Three‑dimensional stacking has become a cornerstone of modern semiconductor scaling, but today’s TSV‑based solutions rely on costly, high‑temperature processes and suffer from alignment limits that cap interconnect density. The University of Illinois team sidesteps these constraints by employing a roll‑transfer‑printing technique that lays down ultra‑thin, uniformly doped silicon membranes at temperatures under 200 °C. This low‑thermal‑budget approach preserves underlying wiring and eliminates the need for exotic channel materials, positioning silicon as the sole workhorse for monolithic 3‑D integration.
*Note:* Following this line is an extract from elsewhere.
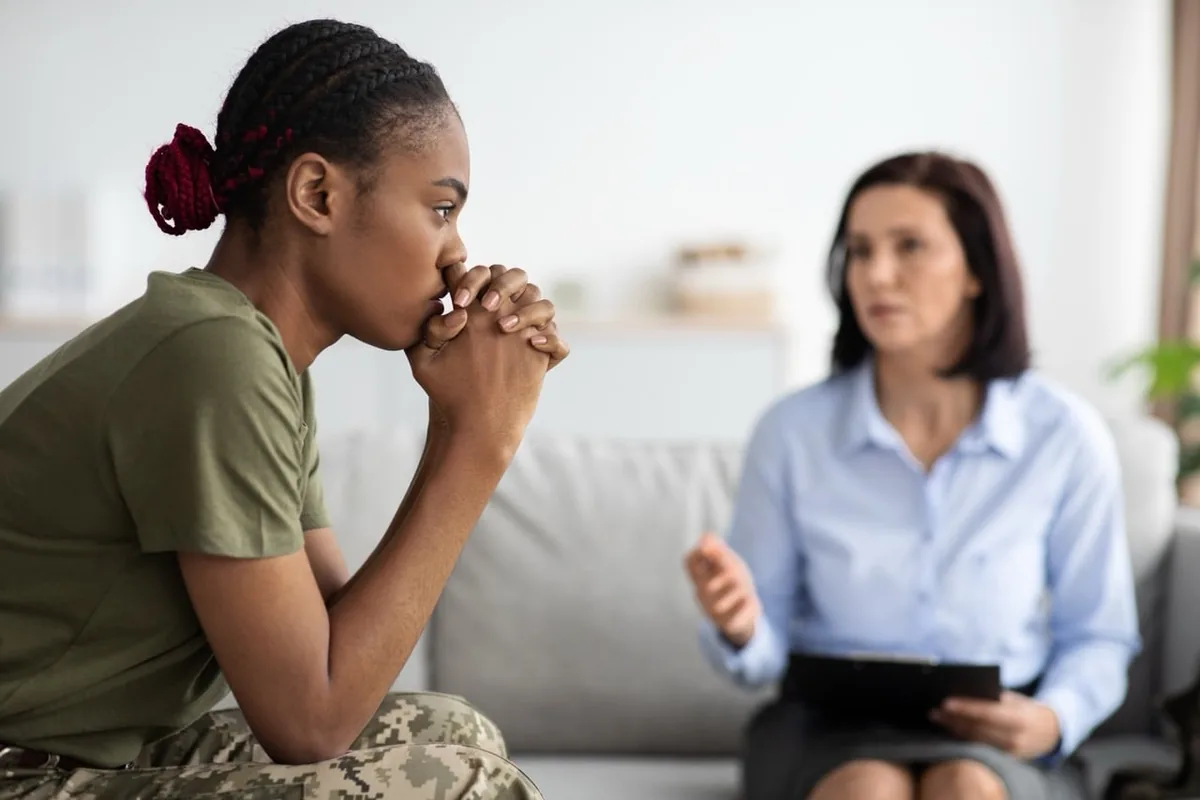A woman speaks with a counselor in a bright consultation room.
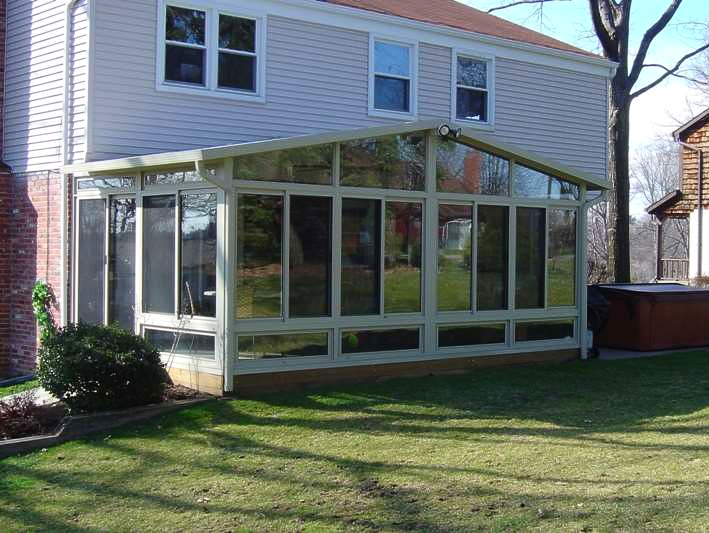 A house with a sunroom and a hot tub in the backyard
At the heart of the new architecture are junctionless transistors, which forgo traditional p‑n junctions and thus avoid the high‑temperature dopant activation steps required for MOSFETs. The researchers demonstrated three stacked tiers, each containing 625 transistors, with vertical connections aligned to within 10 nm. The resulting SRAM cell uses only a third of the planar area while delivering current densities of 650 mA per micrometer—comparable to legacy silicon devices and a promising baseline for future performance improvements. Such dense vertical logic reduces wire length, cuts latency, and can dramatically lower energy per operation, a critical advantage for AI workloads that are increasingly bottlenecked by data movement.

While the proof‑of‑concept validates the technical feasibility, commercial adoption will hinge on addressing yield and thermal challenges inherent to vertically stacked active layers. The team is already exploring defect‑tolerant circuit designs and dynamic power‑management schemes to mitigate heat buildup. Because the process is compatible with existing silicon fab infrastructure, it offers a realistic pathway to pilot production and low‑volume prototyping, potentially accelerating the transition to monolithic 3‑D chips in high‑performance computing, memory, and emerging sensor applications. If scaled, this technology could redefine Moore’s Law by adding a new dimension of integration without sacrificing the reliability and cost advantages of mainstream silicon manufacturing.